Directions for this task:
Pictures aside, write out the data exactly as it reads.

Recorded information:
== Segment start ==
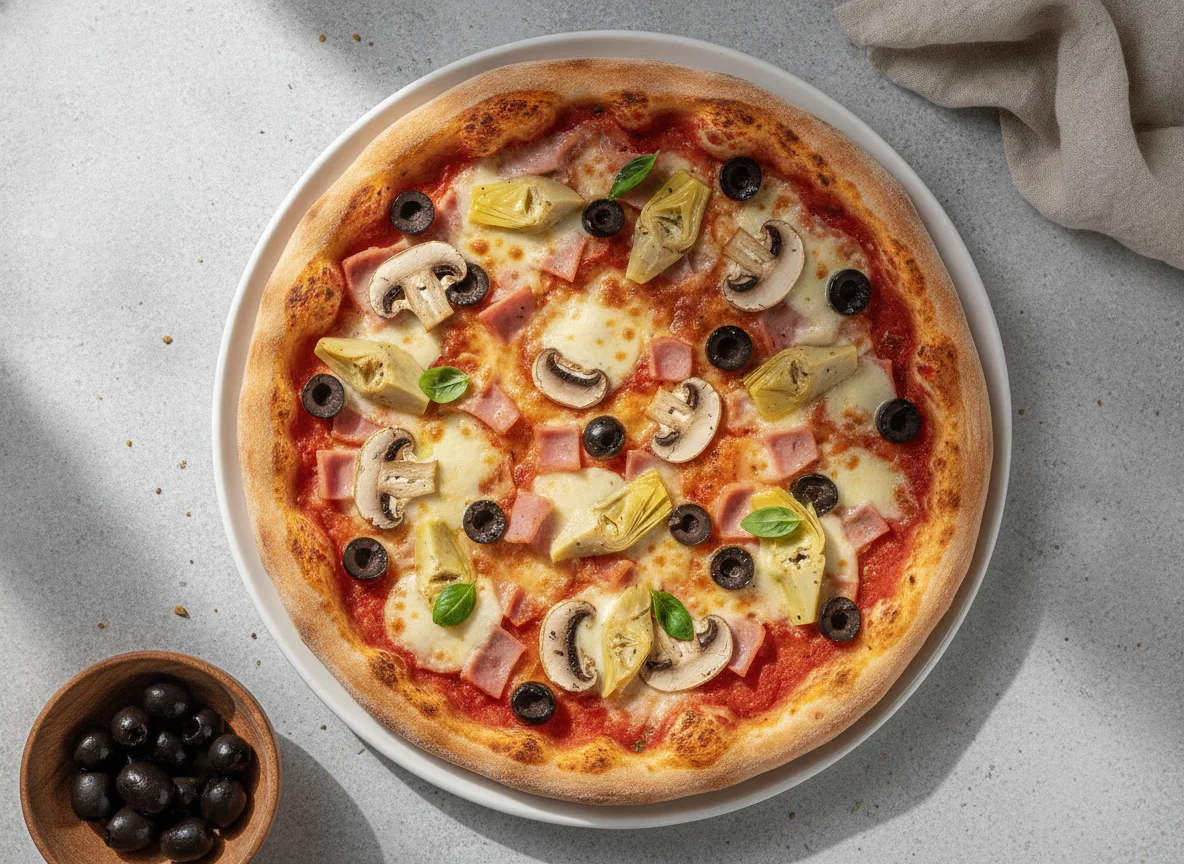 Pizza Capricciosa photo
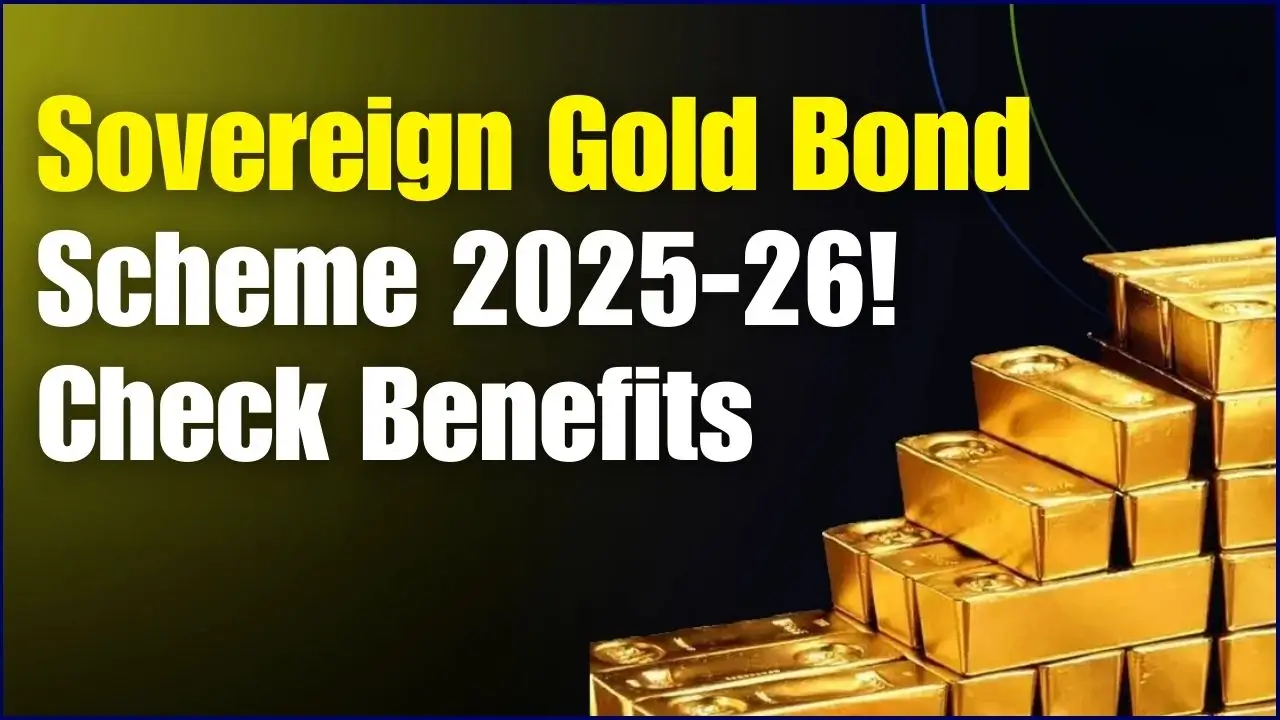 Sovereign Gold Bond Scheme 2025-26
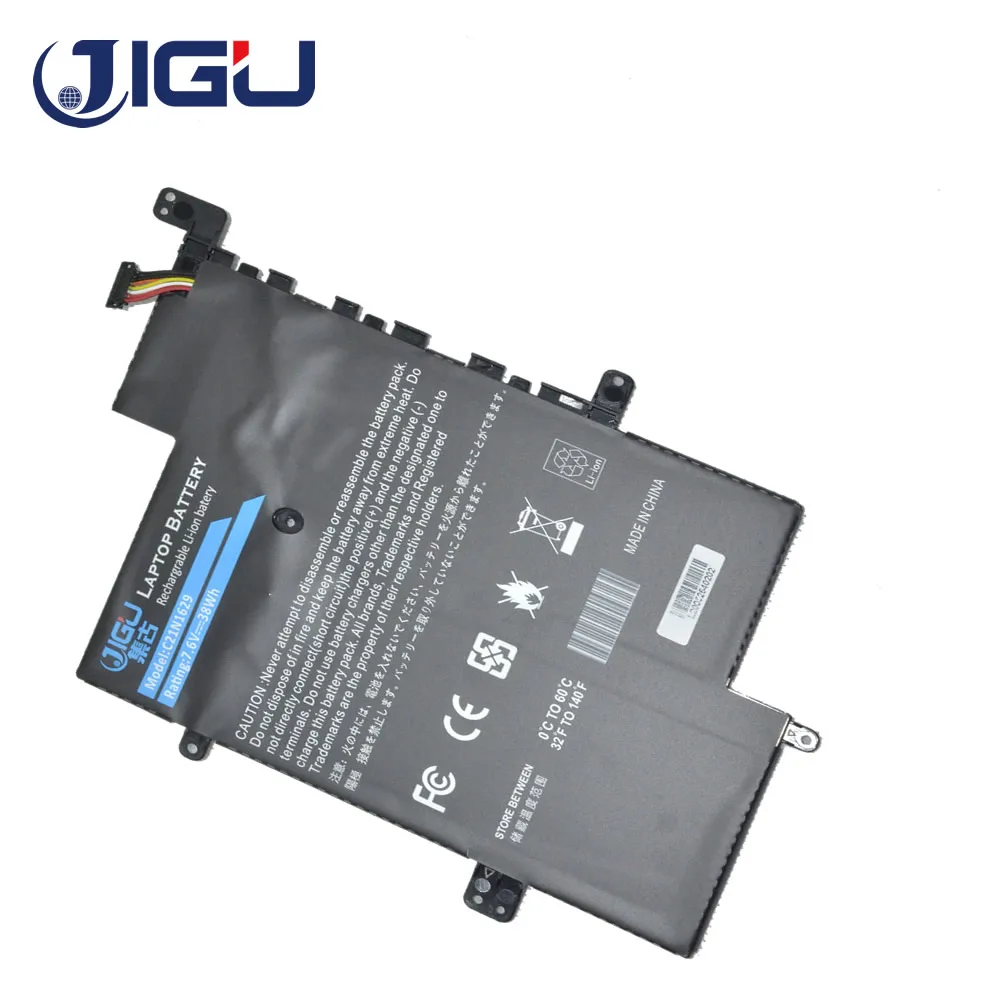 JIGU Новый аккумулятор для ноутбука C21N1629 0B200 03040000 ASUS C223NA E203MA E203MAH E203N E203NA L203NA R207NA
== Segment end ==
Completed exercise:
 Pizza Capricciosa photo
 Sovereign Gold Bond Scheme 2025-26
 JIGU Новый аккумулятор для ноутбука C21N1629 0B200 03040000 ASUS C223NA E203MA E203MAH E203N E203NA L203NA R207NA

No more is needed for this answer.